Misinformation and disinformation campaigns are heading in the same direction. Psyops might be a modern term, but influence campaigns have been around for centuries. However, never before was it so easy to reach a massive number of targets, amplify a message, and, if needed, even distort reality.
How? Social media, bots, and deepfakes.
The process of creating online personas and bots as well as injecting the message that you want your targets to see into fringe forums and niche discussion groups has been automated and perfected. Once the information is seeded, it’s just a matter of time until it grows and branches out, hitting mainstream social networks and media, and getting organic amplification.
To make things worse, as discussed in Whitney Phillips’ “The Oxygen of Amplification,” merely reporting on false claims and fake news — with the intention of proving them baseless — amplifies the original message and helps their distribution to the masses. And now we have technology that allows us to create deepfakes relatively easily, without any need for writing code. A low bar to use the tech, methods to distribute, a method of monetizing — the cybercrime-cycle pattern reemerges.

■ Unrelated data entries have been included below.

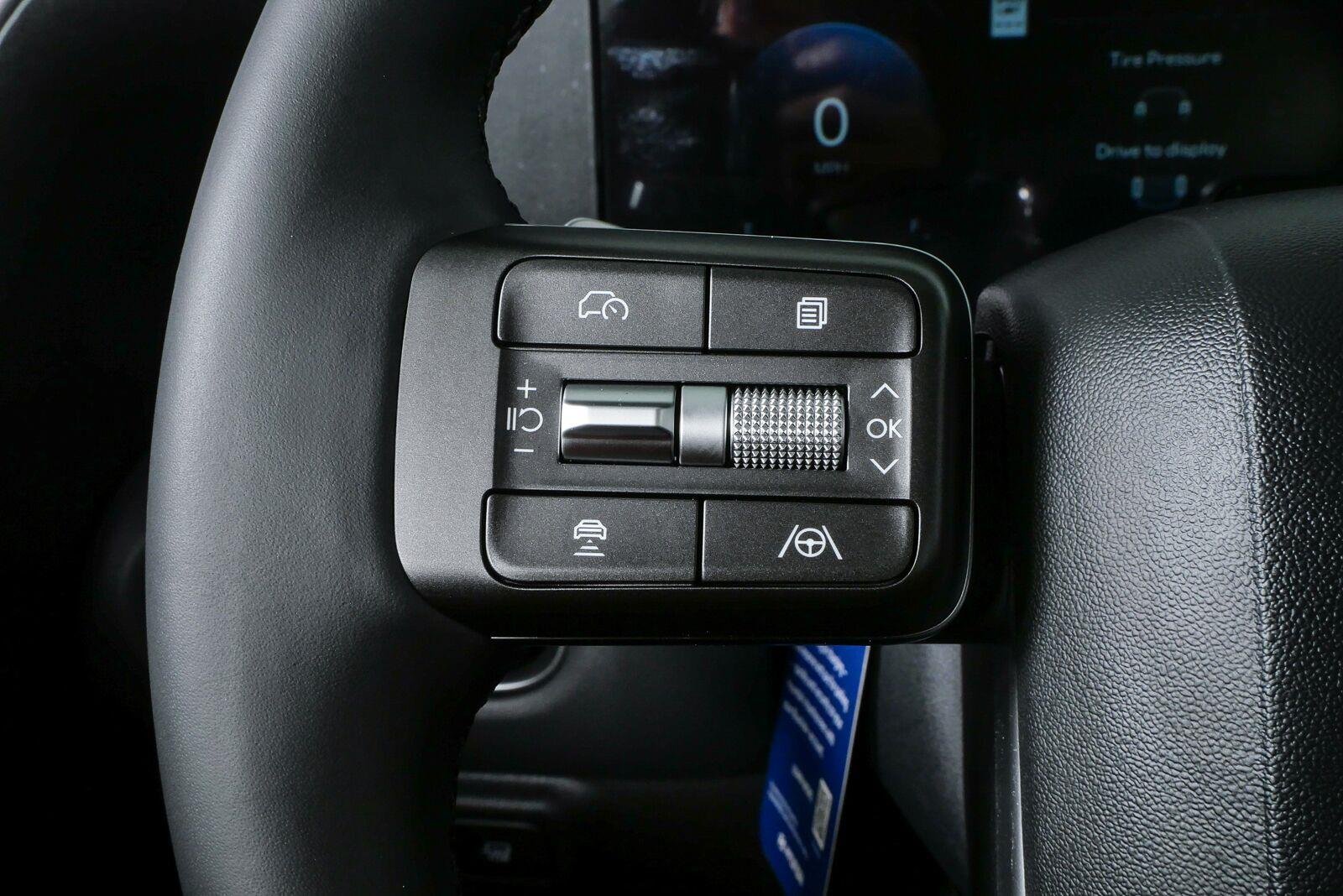 New 2026 Titan Green Hyundai SEL Premium FWD image 10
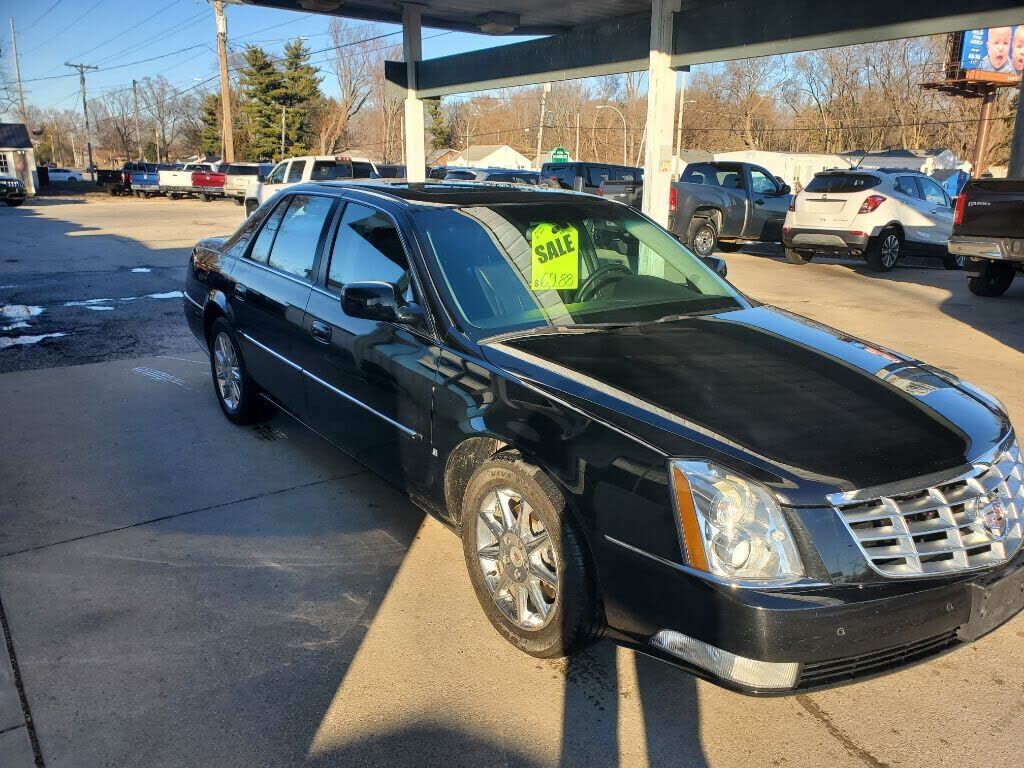 2010 CADILLAC DTS
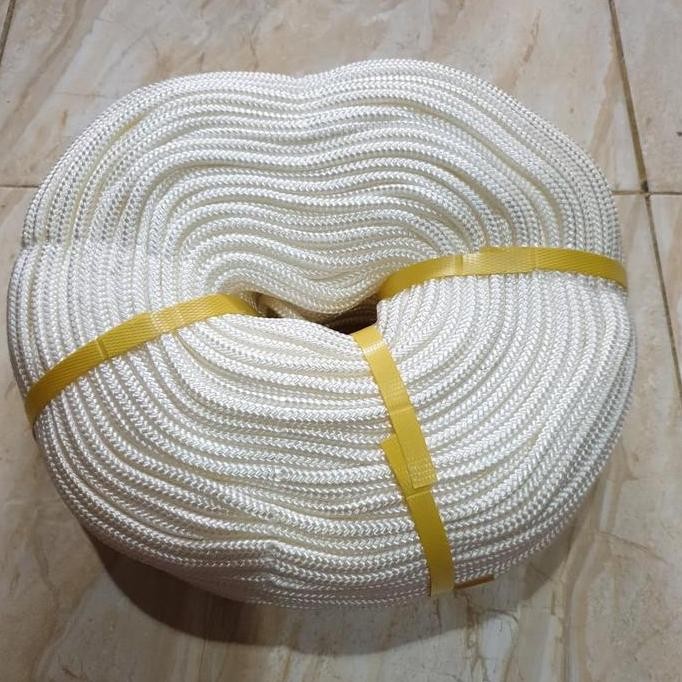 

READY STOCK TALI BENDERA 6 MM BREADLIED PANJANG 100 METER/ROLL !!!!!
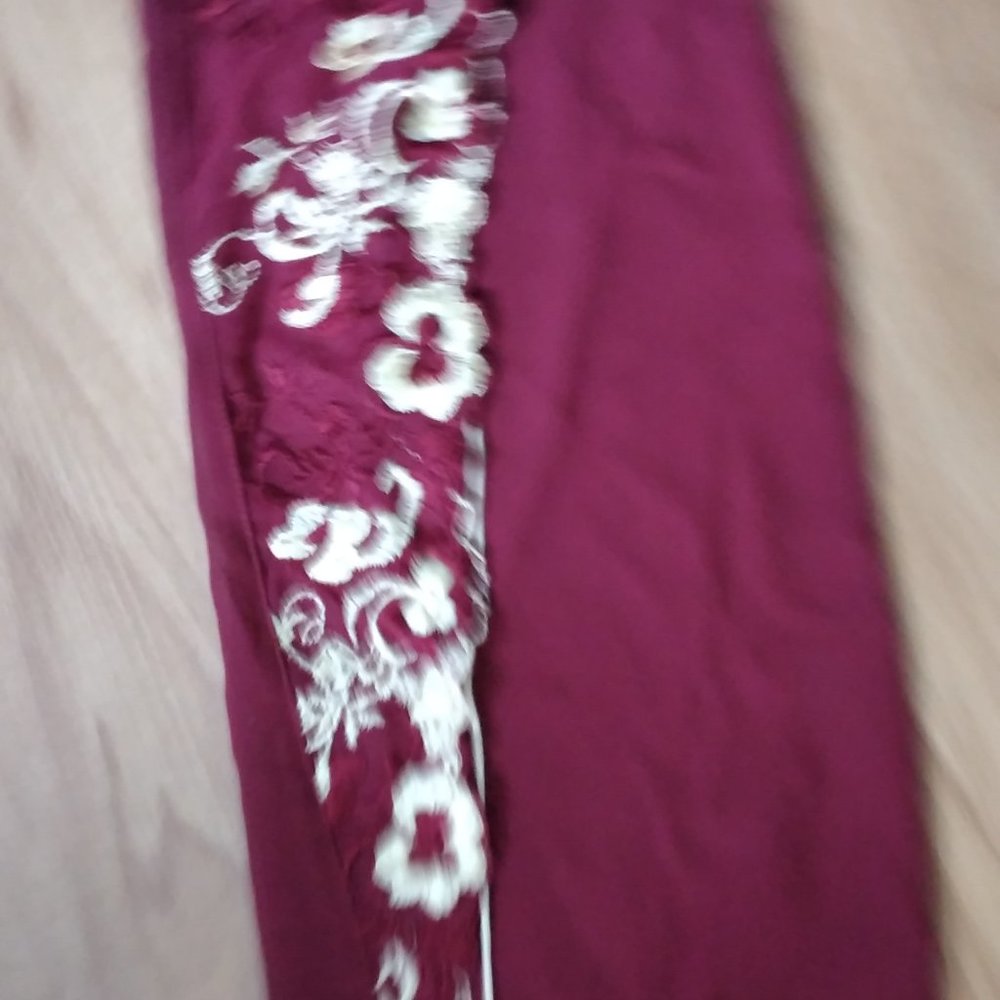 Red Shall set - Picture 4 of 5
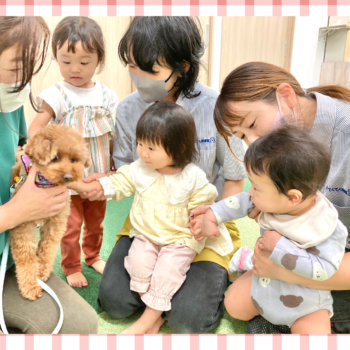 子どもと犬がふれあう様子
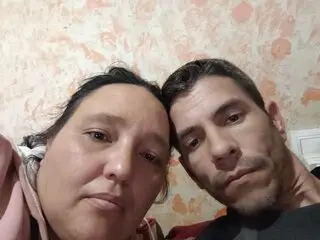 Watch Parejamorbo’s Cam Show Live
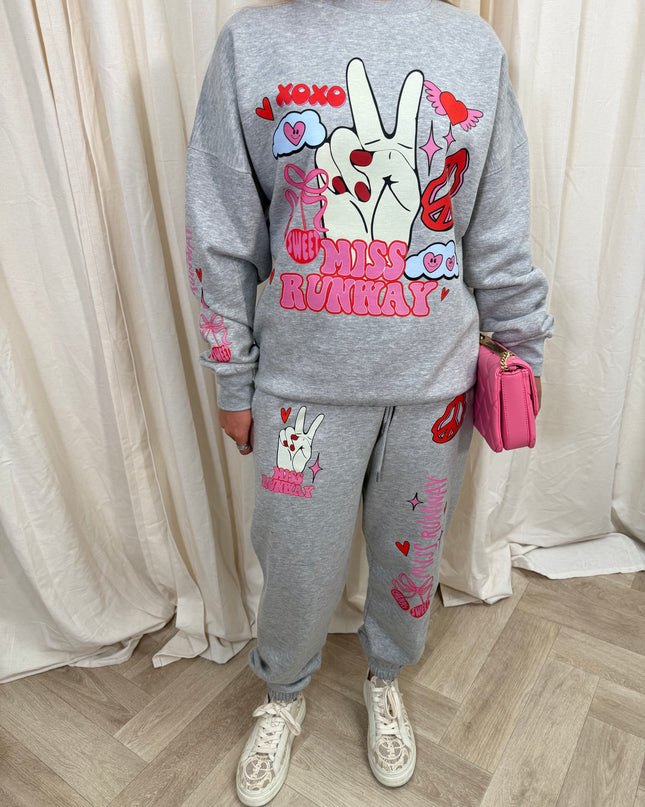 Miss Runway Peace Fingers Kids Sweatshirt Tracksuit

While some view the usage of deepfake technology as a future threat, the FBI warned businesses in March they should expect to be hit with different forms of synthetic content.
Unfortunately, these types of attacks have already happened — most notably, the deepfake audio heist that landed the threat actors $35 million. Voice synthesis, the sampling and use of a person’s voice to commit such a crime, is a stark warning for authentication that relies on voice recognition, as well as, perhaps, an early warning for face-recognition solutions.